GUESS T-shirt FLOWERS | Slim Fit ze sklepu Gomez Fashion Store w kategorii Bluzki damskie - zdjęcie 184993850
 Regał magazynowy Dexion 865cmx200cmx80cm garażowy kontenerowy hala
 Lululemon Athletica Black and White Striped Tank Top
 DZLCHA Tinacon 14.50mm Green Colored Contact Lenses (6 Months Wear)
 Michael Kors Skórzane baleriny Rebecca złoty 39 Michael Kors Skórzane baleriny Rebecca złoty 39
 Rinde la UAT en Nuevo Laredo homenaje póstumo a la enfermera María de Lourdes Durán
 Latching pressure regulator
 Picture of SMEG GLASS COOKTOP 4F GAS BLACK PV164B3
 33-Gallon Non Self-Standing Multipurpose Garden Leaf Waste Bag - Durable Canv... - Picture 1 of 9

★ ★ ★ ★ ★ ★ ★

> PROBLEM REQUIREMENTS: Set down the data in full, word for word.

> TASK ANSWER:
GUESS T-shirt FLOWERS | Slim Fit ze sklepu Gomez Fashion Store w kategorii Bluzki damskie - zdjęcie 184993850
 Regał magazynowy Dexion 865cmx200cmx80cm garażowy kontenerowy hala
 Lululemon Athletica Black and White Striped Tank Top
 DZLCHA Tinacon 14.50mm Green Colored Contact Lenses (6 Months Wear)
 Michael Kors Skórzane baleriny Rebecca złoty 39 Michael Kors Skórzane baleriny Rebecca złoty 39
 Rinde la UAT en Nuevo Laredo homenaje póstumo a la enfermera María de Lourdes Durán
 Latching pressure regulator
 Picture of SMEG GLASS COOKTOP 4F GAS BLACK PV164B3
 33-Gallon Non Self-Standing Multipurpose Garden Leaf Waste Bag - Durable Canv... - Picture 1 of 9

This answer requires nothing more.